#### Working data

- - -

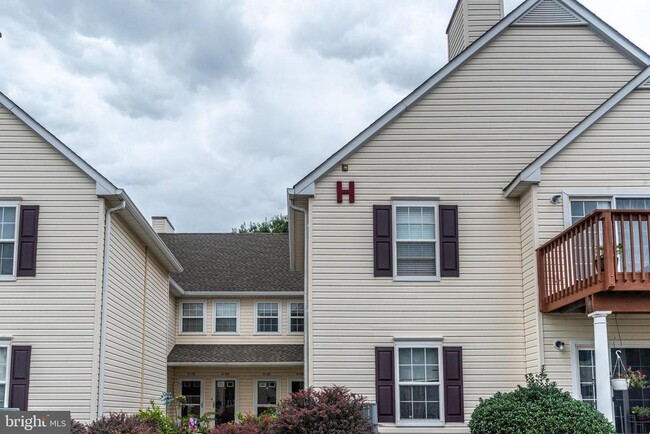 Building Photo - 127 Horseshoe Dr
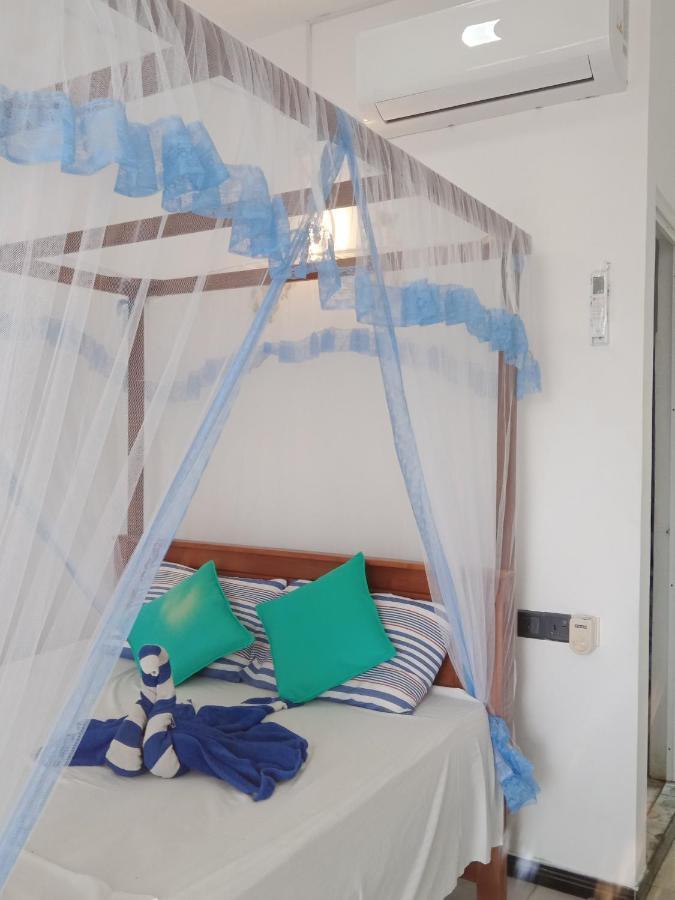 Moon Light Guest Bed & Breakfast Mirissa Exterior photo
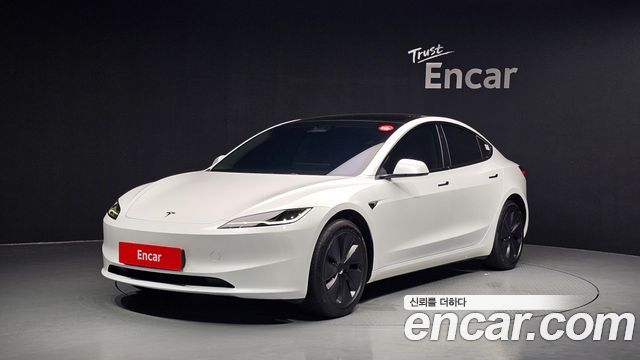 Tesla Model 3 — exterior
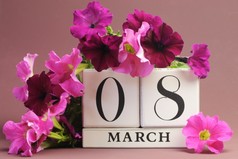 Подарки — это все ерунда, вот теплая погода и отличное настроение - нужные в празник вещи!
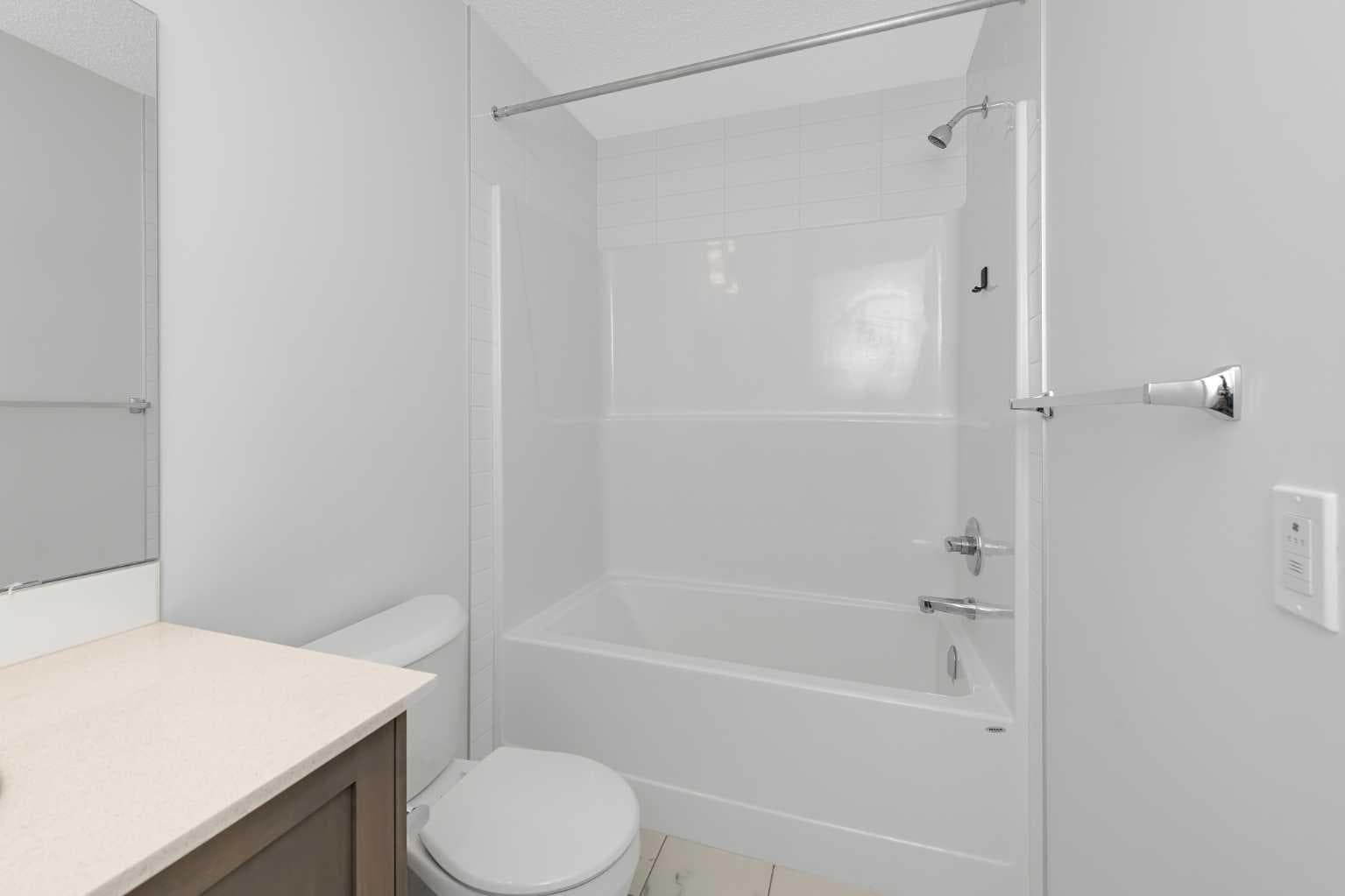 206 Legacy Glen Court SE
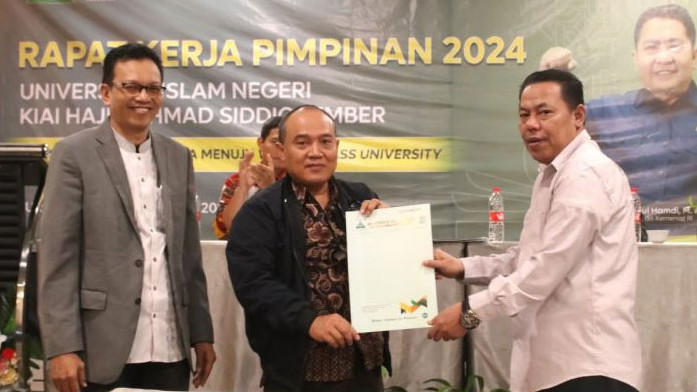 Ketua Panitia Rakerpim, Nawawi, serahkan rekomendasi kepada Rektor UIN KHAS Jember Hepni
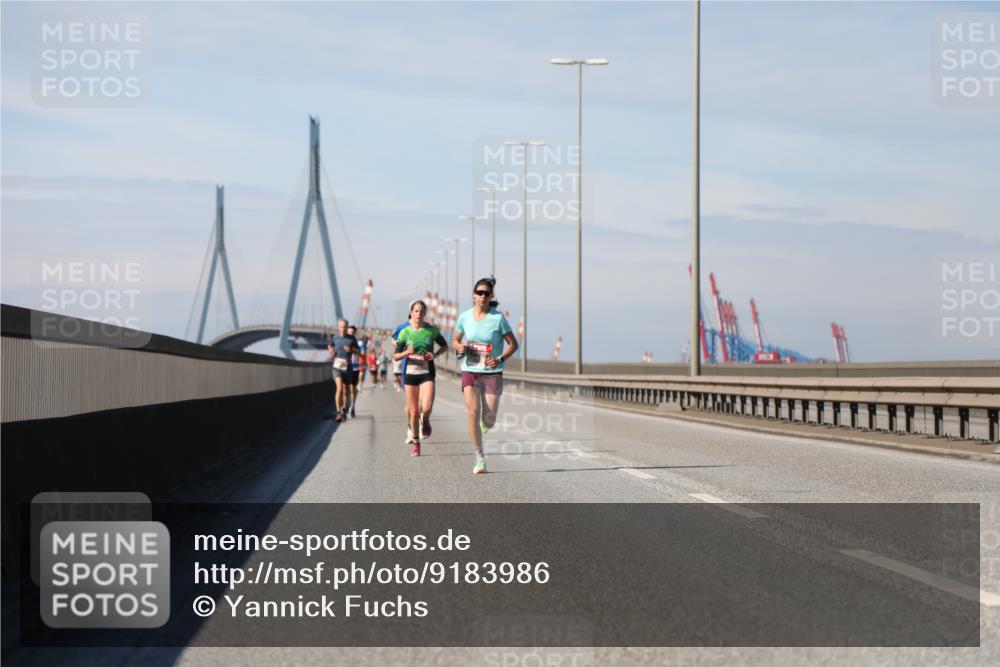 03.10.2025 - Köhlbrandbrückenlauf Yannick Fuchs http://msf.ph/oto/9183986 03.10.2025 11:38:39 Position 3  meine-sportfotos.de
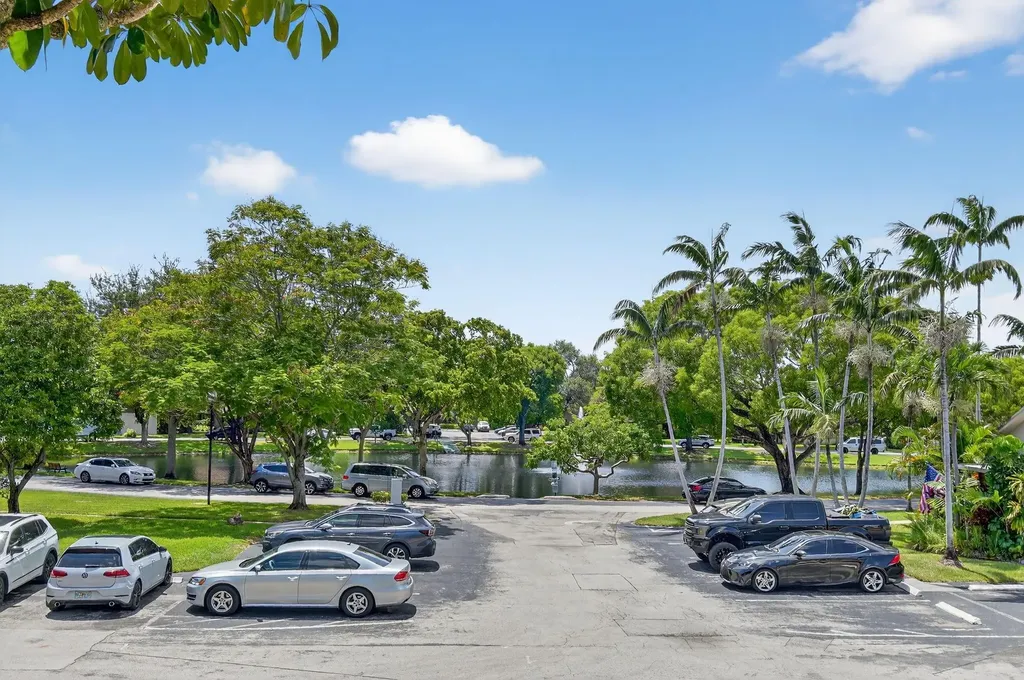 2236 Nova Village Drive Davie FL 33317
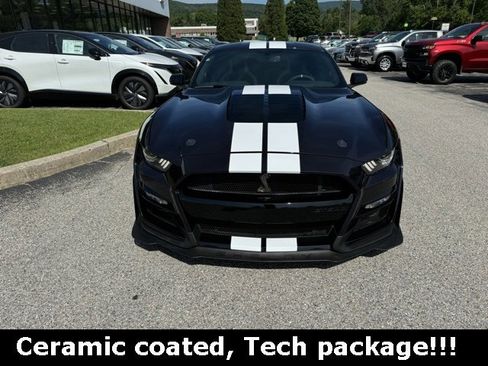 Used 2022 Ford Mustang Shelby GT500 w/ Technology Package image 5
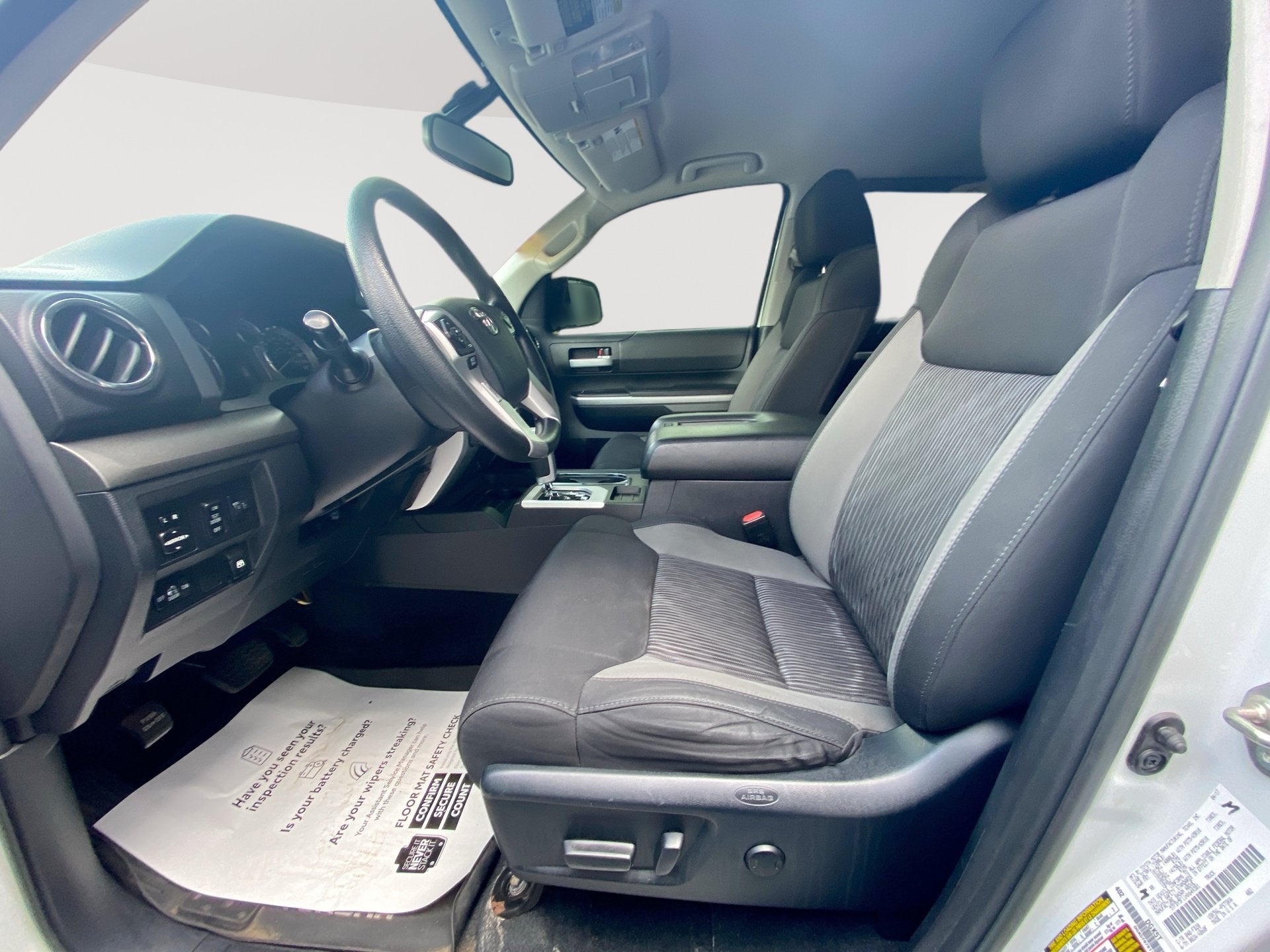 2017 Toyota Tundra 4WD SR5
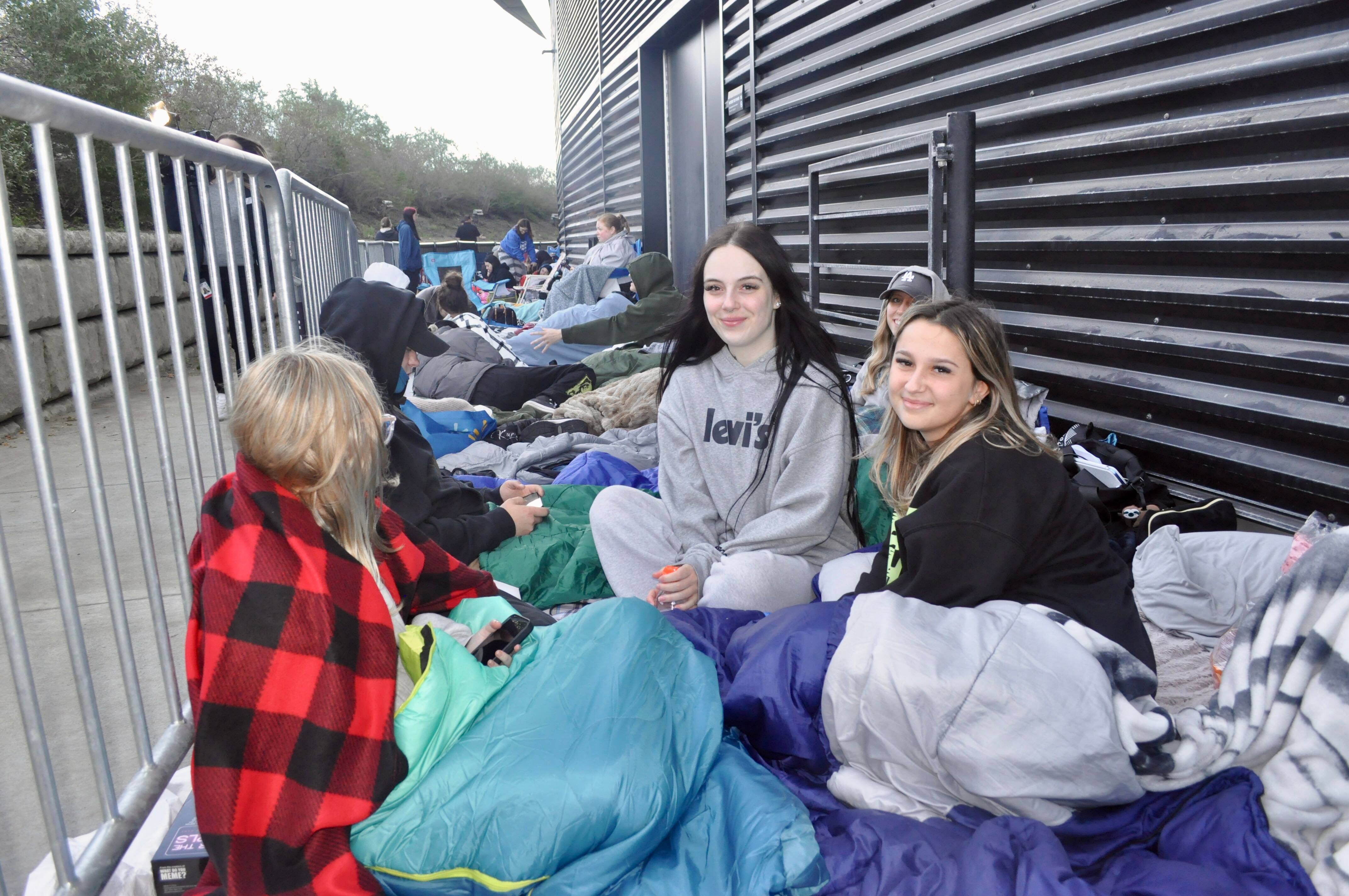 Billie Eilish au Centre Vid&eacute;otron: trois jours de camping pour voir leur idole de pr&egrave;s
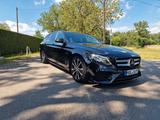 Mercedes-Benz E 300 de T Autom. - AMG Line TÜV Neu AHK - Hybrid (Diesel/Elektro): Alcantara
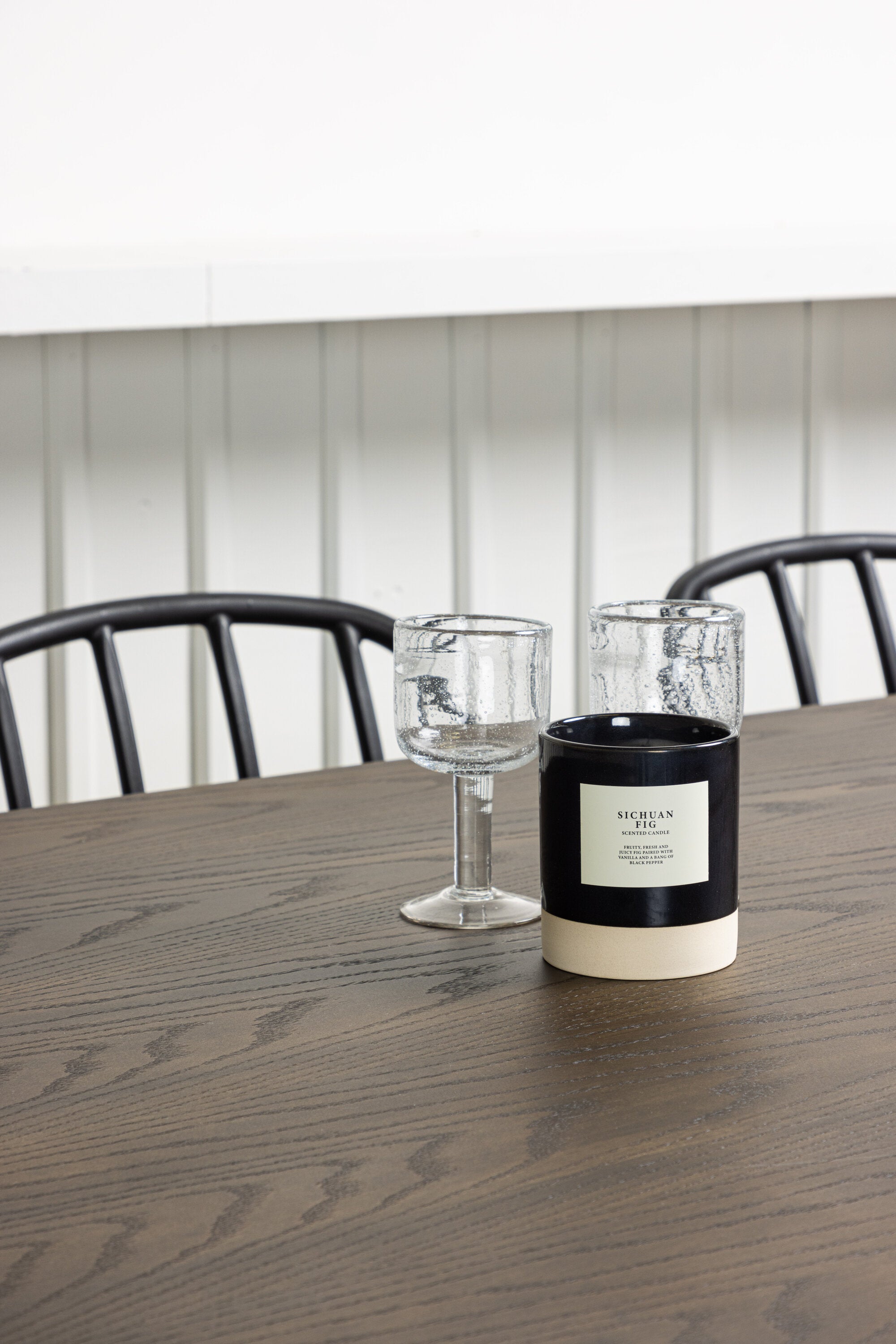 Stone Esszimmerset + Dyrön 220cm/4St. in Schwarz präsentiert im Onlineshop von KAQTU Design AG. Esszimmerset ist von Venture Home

- - -

#### What to work on
The reply should hold the lines from the top of the records through the line containing "2236 Nova Village Drive Davie FL 33317", reproduced exactly, and no pictures.

#### Response for this exercise
 Building Photo - 127 Horseshoe Dr
 Moon Light Guest Bed & Breakfast Mirissa Exterior photo
 Tesla Model 3 — exterior
 Подарки — это все ерунда, вот теплая погода и отличное настроение - нужные в празник вещи!
 206 Legacy Glen Court SE
 Ketua Panitia Rakerpim, Nawawi, serahkan rekomendasi kepada Rektor UIN KHAS Jember Hepni
 03.10.2025 - Köhlbrandbrückenlauf Yannick Fuchs http://msf.ph/oto/9183986 03.10.2025 11:38:39 Position 3  meine-sportfotos.de
 2236 Nova Village Drive Davie FL 33317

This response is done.